→ **ACTION ITEM**:
Return the listing that follows exactly, with no pictures included.

→ **INFORMATION PROVIDED**:
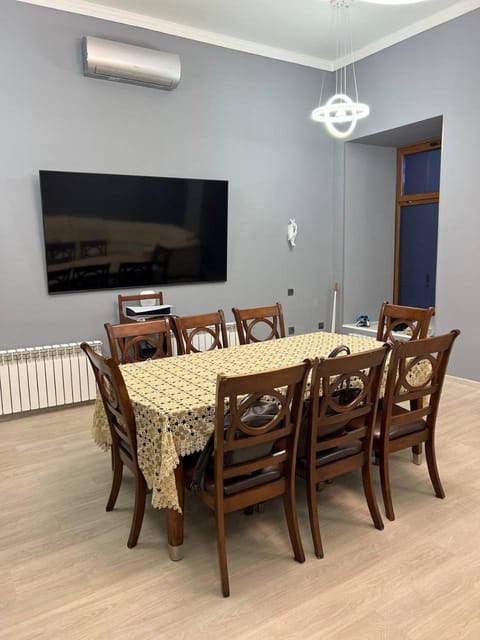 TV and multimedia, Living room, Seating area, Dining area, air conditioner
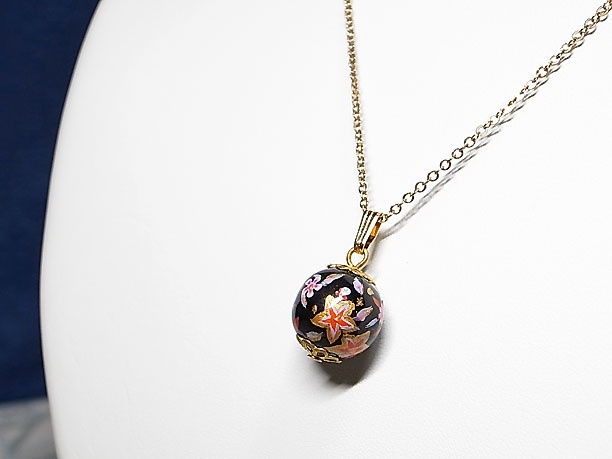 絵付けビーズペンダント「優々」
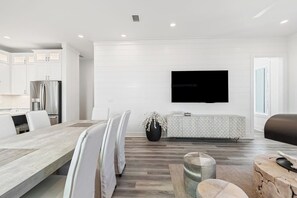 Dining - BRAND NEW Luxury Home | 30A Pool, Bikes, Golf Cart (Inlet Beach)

→ **SOLUTION**:
 TV and multimedia, Living room, Seating area, Dining area, air conditioner
 絵付けビーズペンダント「優々」
 Dining - BRAND NEW Luxury Home | 30A Pool, Bikes, Golf Cart (Inlet Beach)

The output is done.